I know our 'long-time' house will be a safe place.  It will be a place of acceptance and grace.  I love these words from Gary Morland in his post, The Safest Place on Earth:

"Your family is designed to be a place of honest vulnerability without rejection.  Disagreements without anger.  Foolish mistakes without embarrassment.  Failure without shame."

Our "long-time" house will be a place where you can take your drink into the living room and three kids who have moved way more than I meant for them to move can choose whatever color they want to paint their rooms.  (Yes, Nora, even macaw green.)  We already act and sound like a circus, why shouldn't the colors of our home match the way we live?

Our "long-time" house will be a place where it is "all about the heart."  As we make mistakes and fall from the trapeze, we will catch each other.  We will practice life together so that we are ready with our best efforts.  We will applaud each other when the lions and tigers are tamed.  We will live our real lives whether it is showtime or not.

This I know...what I do is not who I am.

People move, jobs change.  In spite of my threats, kids grow up.  My role in this circus is changing.  I have been the planner and orchestrator of all things at home for almost 11 years.  I was mother, teacher, helper, cook and maker of all trivial decisions regarding people shorter than me.  Until this summer.  I have come to the realization that it is time for me to move out of the director's role and into the role of trainer or coach.

Perhaps I yell up to the kid flying on the trapeze, "A little to the left, reach farther, hold tight.  Let go!"

Can I be honest?  This change?  It came much too fast.  I feel grief sometimes, but it is grief for the role I used to have, not the person that I was.  I don't die just because there is a change in what I do.

I need to stop parenting "little" kids who need to be constantly directed and I need to start parenting "big" kids who are ready to begin making their own way.  I need to be the mom who lets those kids fly through the air while falls are still about report cards, fights with friends, stealing pencils and forgetting to brush their teeth.  Let them learn how to fly before falls are about lost jobs, bad relationships, or jail.

I am still the same "who" whether my kids wear diapers or baseball pants.  I am still the same "who" whether I cook their lunch or the buy it at the cafeteria.  I am still the same "who" whether I spend my days at an office or picking up laundry.  The circus may move from town to town, but it still has the same clowns, elephants, and acrobats.

What I do is not who I am.  I am still here.

This I know...people are often most beautiful when they are their most ordinary.

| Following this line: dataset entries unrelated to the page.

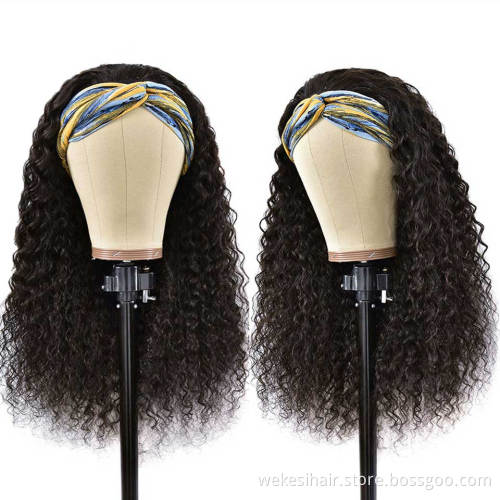 Full Cuticle Curly Headband Wigs Human Hair GlueLess None Lace 10A Virgin Peruvian Head Band Human Hair Wigs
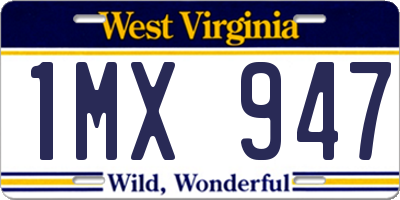 WV license plate 1MX947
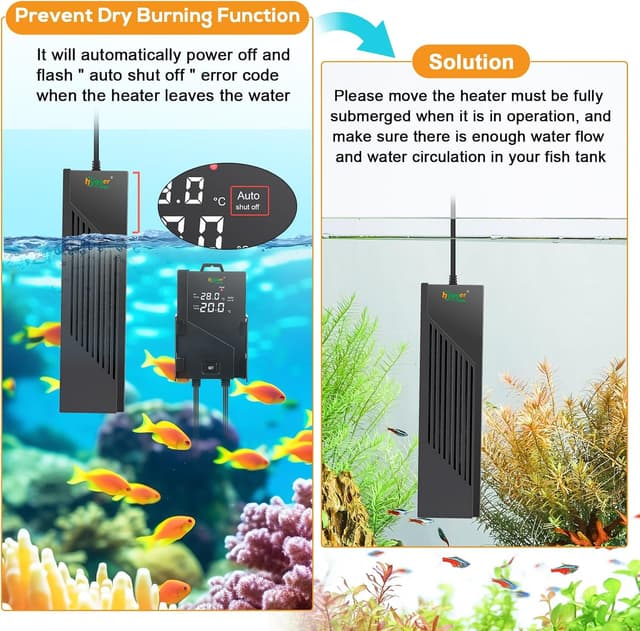 Detalle de hygger Aquarium Heizstab 500 W – digital einstellbarer Submersions-Heizer mit LED-Display für 250–343 l Freshwater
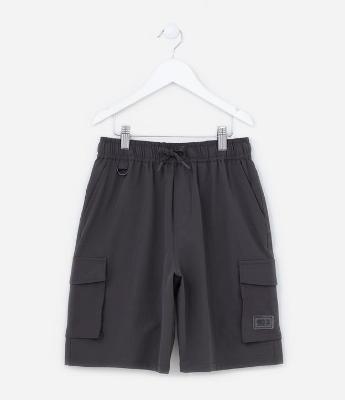 Bermuda Infantil em Microfibra com Bolso Cargo - Tam 5 a 14 Anos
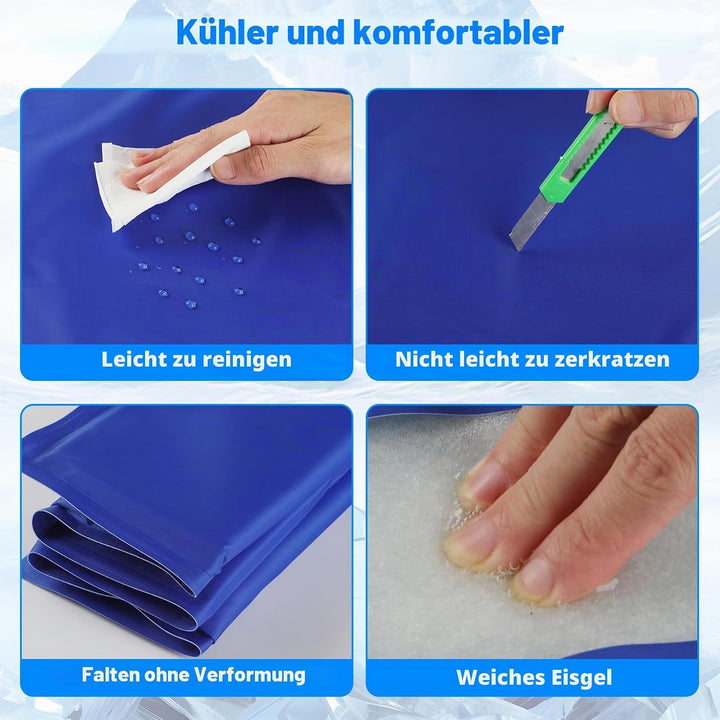 Selbstkühlende Kühldecke für Hunde 90x50cm, Sicher und Nicht-Giftiges Gel, ideal für Sommer, Zuhause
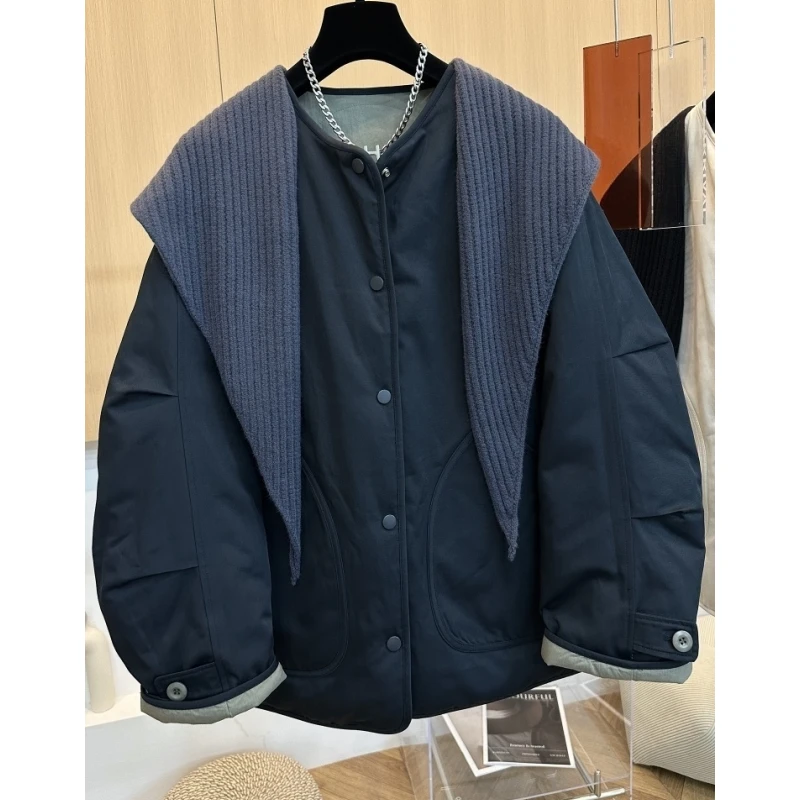 高端欧货冬季新款设计感配披肩两面穿宽松圆领单排扣棉服厚外套女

Earlier this summer, I had a bad day.  I trudged along under a cloud, my thoughts going around and around like the strange animals on the carousel, circling incessantly and achieving nothing.  Only not fun.

At the dry cleaners, the same woman works there all the time.  She always says something nice.  Her voice betrays a little age.  We share the same hair color, Preference 9NB.  The fog followed me into the dry cleaners.  We speak, I pickup a tie.  I pay and move toward the door.  The cloud follows over my head.  We are finished with our transaction.

She speaks ordinary words that I don't even remember.  Her words are kind, nice, and spoken for no reason at all except she is nice and we are both people here on this earth at the same time.

This small moment is a gift that reminds me that people are good.  People are better than I think.  Sure, people are sometimes worse than you think but they are also better.  It's all mixed up and beautiful and I can't explain one bit of it because I am not God.

If that woman at the cleaners had stood on a stage wearing a gold suit and making $1,000 and hour to tell me how to be happy, her words would have been worthless that day.  There she was, in her chambray shirt and black leggings, Preference 9NB hair and smiling face saying nice things to every customer, even me, myself and Eeyore, and she spoke a gift of good.

Epilogue

I kept feeling like I needed to tell the woman at the cleaners about that bad day.  I thought she should know that her kindness matters sometimes.  So yesterday I let my crazy show.  I paid for two pair of suit pants and headed toward the door.  I stopped and told her about the bad day and how she said nice things and how I walked out thinking that people really were nice.

She told me that she was real glad to know.  She said that she had her own bad time happenin' and that it was so hard she just had to give it to the Lord.  I told her she mattered.  We both tried to pretend that our eyes weren't misty.

True to form, as my hand hit the door to the sunshine, she offered another parting shot of courage, "Finish well, sister, finish well."

Yes ma'am, it is my intention to do just that, one ordinary day at a time.